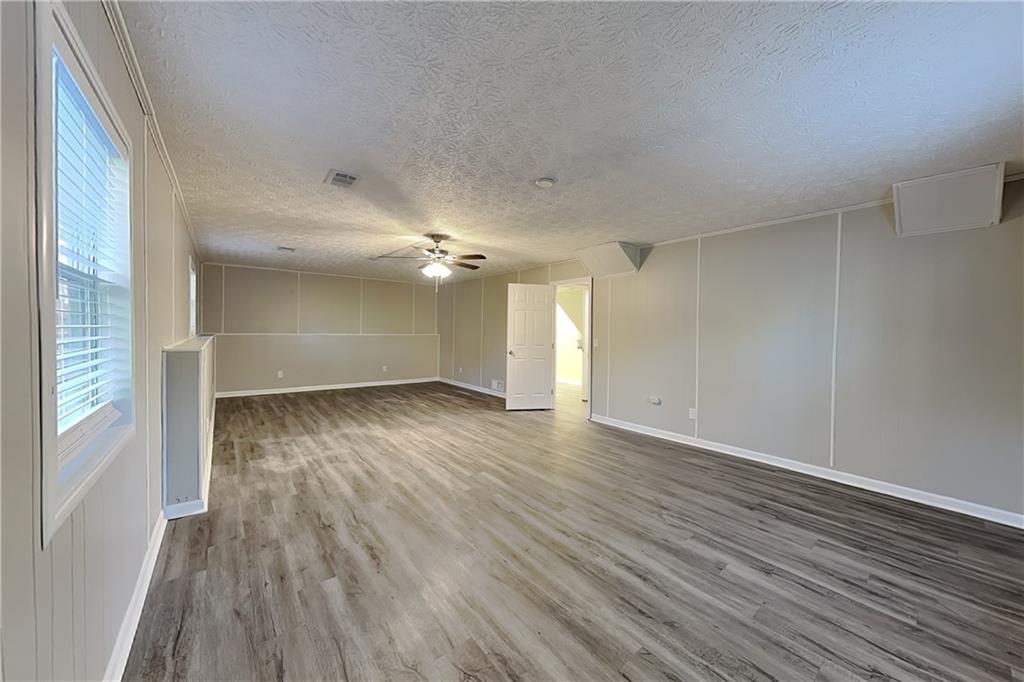 2021 Kramer Way Marietta, GA 30062 - Photo 5 of 21 wooden floor in an empty room with a window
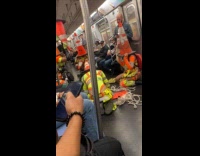 Traffic cone heads hitting cones on subway floor 
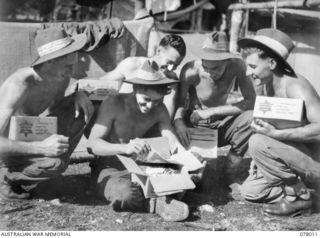 MALMAL VILLAGE, NEW BRITAIN. 1944-12-24. TROOPS OF HEADQUARTERS, 5TH DIVISION OPENING THEIR CHRISTMAS HAMPERS. IDENTIFIED PERSONNEL ARE: PRIVATE (PTE) J. BARRON (1); PTE R. FREW (2); CORPORAL R. H. ..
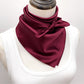 mannequin wears a burgundy mulberry silk square scarf around her neck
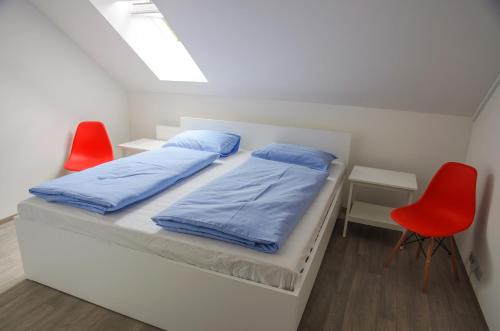 a bedroom with a bed and two red chairs at U Proroka in Bartošovice v Orlických Horách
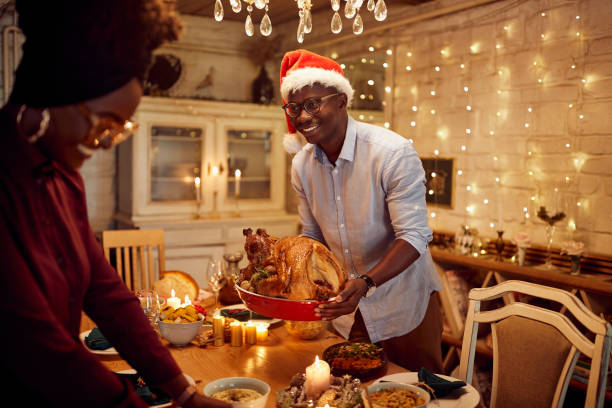 istock Happy black man bringing roast turkey while setting dining table with is wife on Christmas. 1336546304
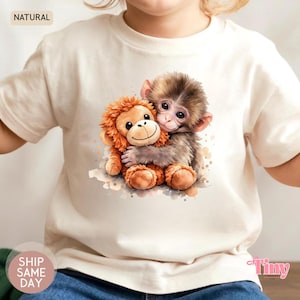 Puede incluir: Una camiseta color crema con una ilustración de acuarela de dos monos abrazándose. Un mono es marrón y el otro es naranja. La palabra "NATURAL" está impresa en la parte superior izquierda de la camiseta. Las palabras "SHIP SAME DAY" están impresas en una pegatina circular.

• [WHAT IS REQUIRED]
A verbatim copy of the data, with all pictures omitted, is the required output.

• [OUTPUT]
 2021 Kramer Way Marietta, GA 30062 - Photo 5 of 21 wooden floor in an empty room with a window
 Traffic cone heads hitting cones on subway floor 
 MALMAL VILLAGE, NEW BRITAIN. 1944-12-24. TROOPS OF HEADQUARTERS, 5TH DIVISION OPENING THEIR CHRISTMAS HAMPERS. IDENTIFIED PERSONNEL ARE: PRIVATE (PTE) J. BARRON (1); PTE R. FREW (2); CORPORAL R. H. ..
 mannequin wears a burgundy mulberry silk square scarf around her neck
 a bedroom with a bed and two red chairs at U Proroka in Bartošovice v Orlických Horách
 istock Happy black man bringing roast turkey while setting dining table with is wife on Christmas. 1336546304
 Puede incluir: Una camiseta color crema con una ilustración de acuarela de dos monos abrazándose. Un mono es marrón y el otro es naranja. La palabra "NATURAL" está impresa en la parte superior izquierda de la camiseta. Las palabras "SHIP SAME DAY" están impresas en una pegatina circular.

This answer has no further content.